August 11, 2017 08:18 PM
A Minnesota judge says she hasn't decided whether to allow several media organizations to join a legal dispute over whether to release case files from the Jacob Wetterling investigation.
The first public hearing was held Friday about access to the investigative files from the 1989 kidnapping and killing of 11-year-old Jacob.
The case went unsolved until last year, when Danny Heinrich confessed to sexually assaulting and killing the boy. Heinrich led authorities to the boy's remains on a farm near Paynesville.
The boy's parents, Jerry and Patty Wetterling, sued Stearns County to block the release of some documents they say contain personal information.
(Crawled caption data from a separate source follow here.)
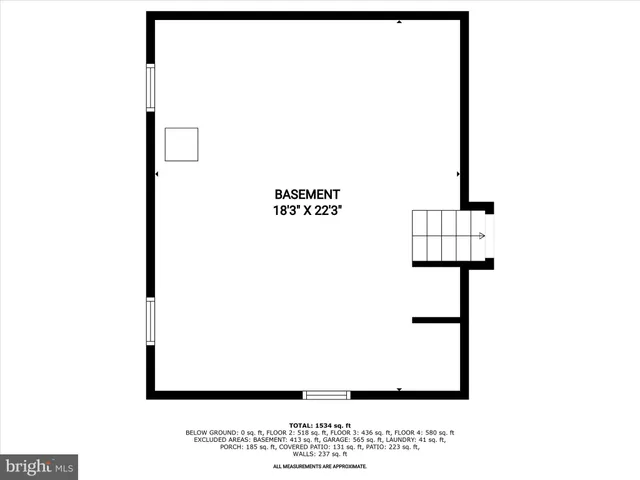 a view of a green field with wooden fence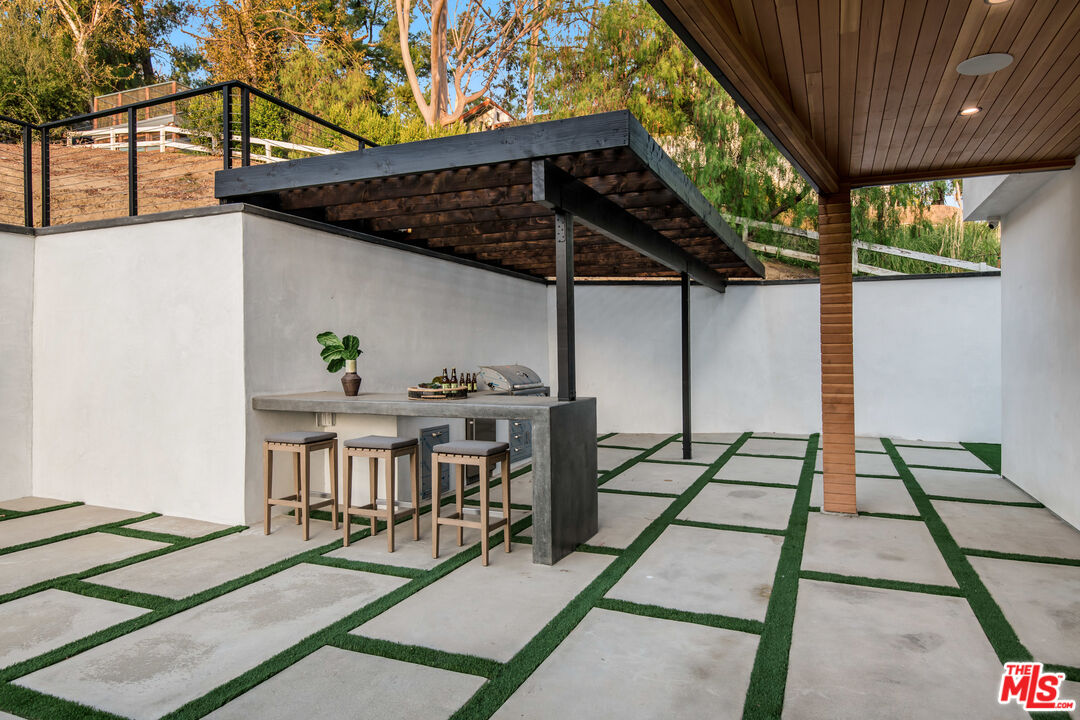 26 Baymare Road Bell Canyon, CA 91307 - Photo 36 of 39 a view of a patio with table and chairs with wooden floor and fence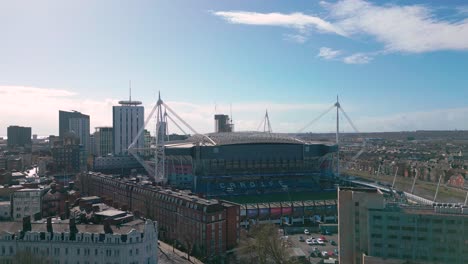 Vista-Aérea-En-Aumento-A-Través-Del-Estadio-Del-Milenio-De-La-Ciudad-De-Cardiff-Con-Salida-Del-Sol-Sobre-El-Paisaje-Urbano-De-La-Capital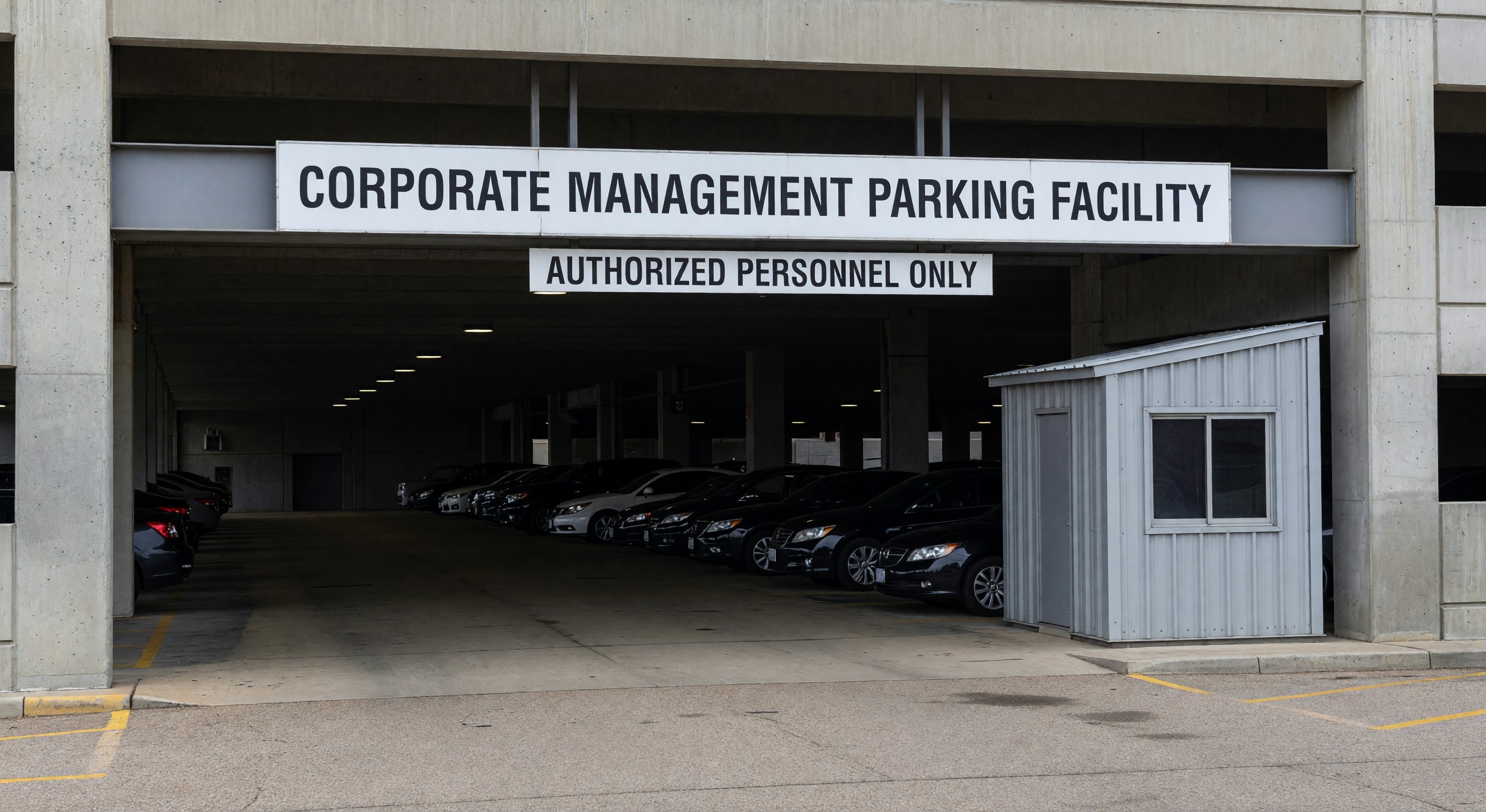 Parking garage exterior with corporate management signage at facility entrance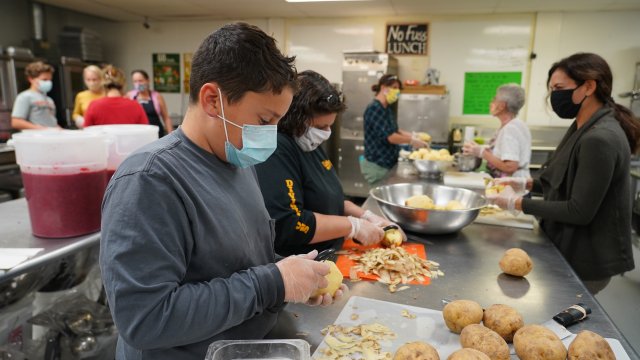 Volunteers peel potatoes and prepare other Thanksgiving food for seniors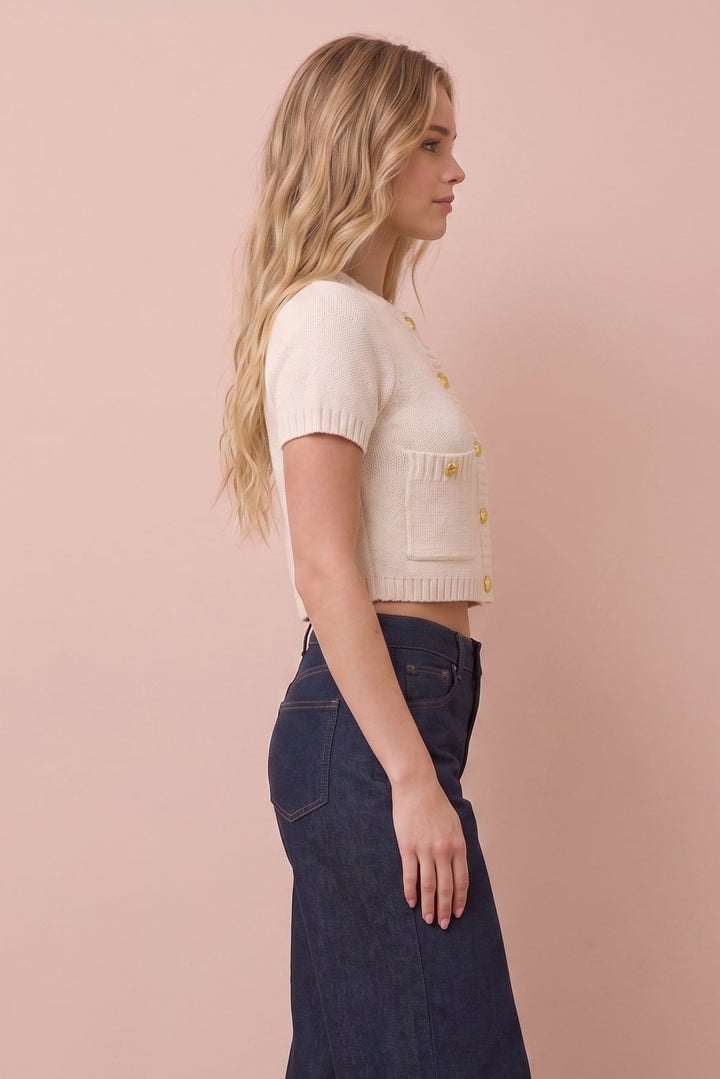 A woman in profile wearing a cream short-sleeve cropped knit top with gold buttons and dark wide-leg denim pants, standing against a solid dusty pink background.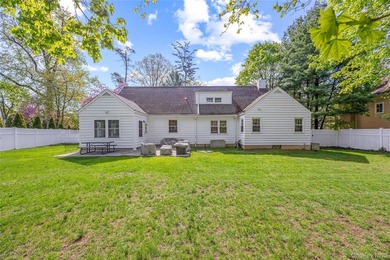 Welcome to this fully renovated gem located in the highly - photo 2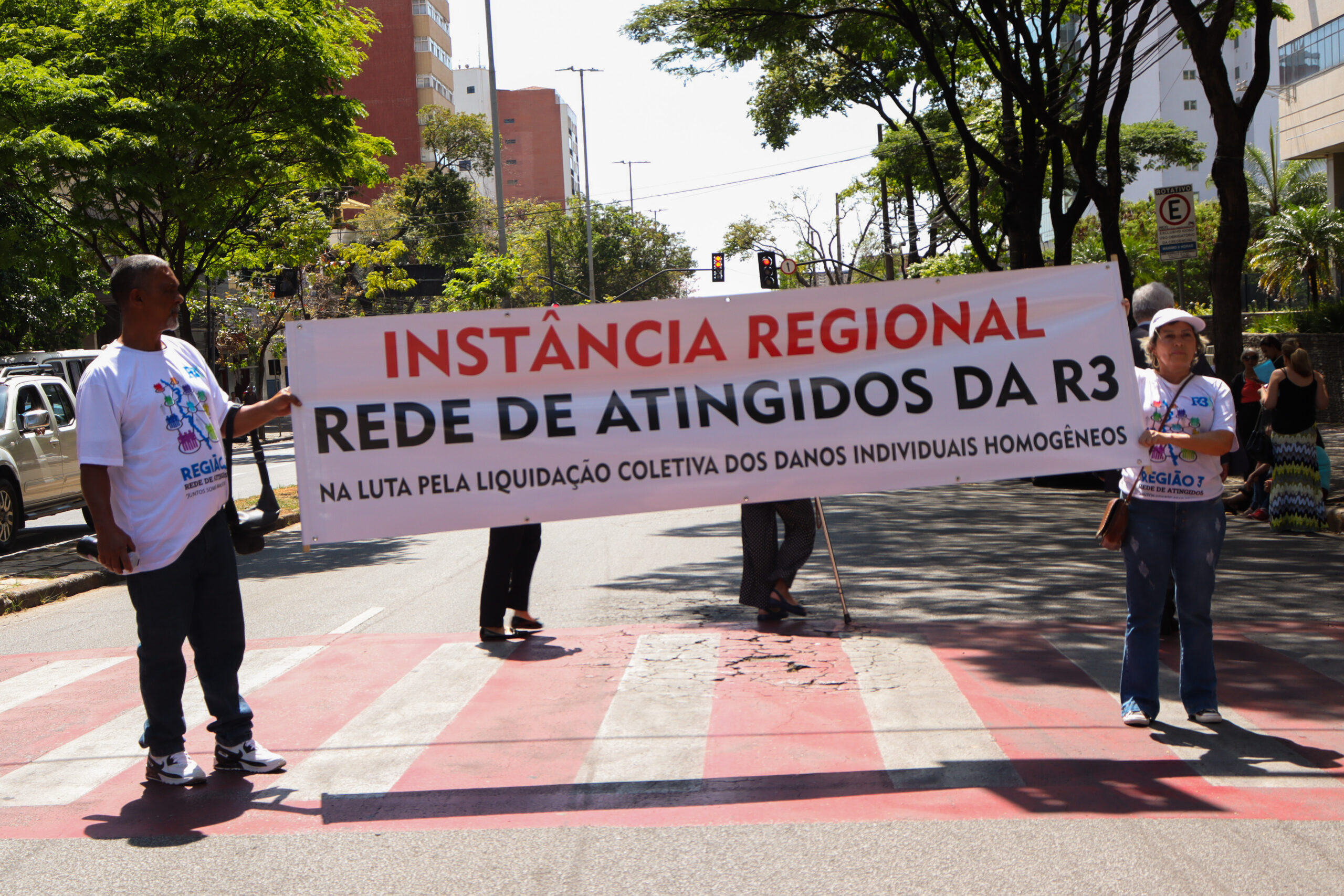 pessoas atingidas com faixa manifestando pela liquidação coletiva dos danos individuais homogêneos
Several media organizations and open-government groups are asking to intervene. They argued Friday that the full case should be made public. KSTP is one of the organizations seeking to intervene.
The media organizations' lawyer argues in court documents that the Wetterlings' claim of a "constitutional privacy right," does not override "statutes that have long governed the classification of records maintained by state and local government agencies in Minnesota, in particular, the Minnesota Data Practices Act."
District Judge Ann Carrott didn't immediately rule. She's giving both sides 10 days to file responses.
Mark Anfinson, the lawyer representing the media organizations said the judge has 90 days to issue a ruling after the responses are filed.